DATA PROVIDED:
"""
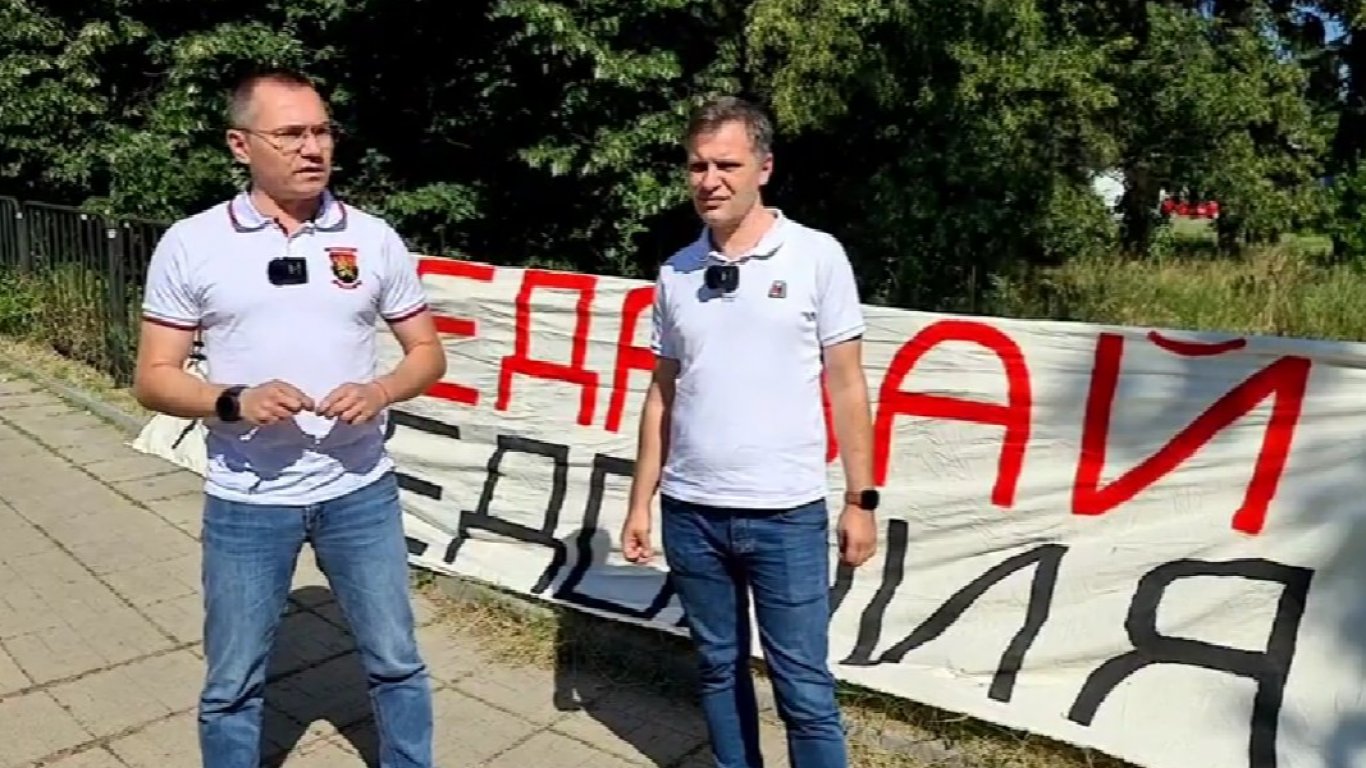ВМРО с акция "Не предавай Македония" пред Външно, докато преговарят Генчовска и Османи (видео)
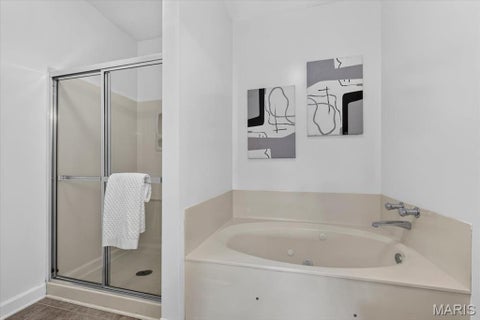 Tiny photo for 13101 Mill Crossing Court #200, Creve Coeur, MO 63141 (MLS # 26057547)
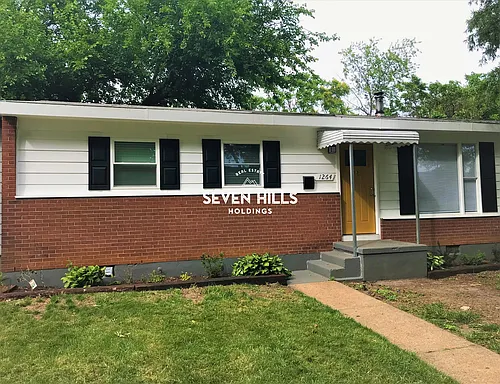 1264 Moore St Photo 1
"""
Restate the data above word for word. Do not include the images.

THE ANSWER:
ВМРО с акция "Не предавай Македония" пред Външно, докато преговарят Генчовска и Османи (видео)
 Tiny photo for 13101 Mill Crossing Court #200, Creve Coeur, MO 63141 (MLS # 26057547)
 1264 Moore St Photo 1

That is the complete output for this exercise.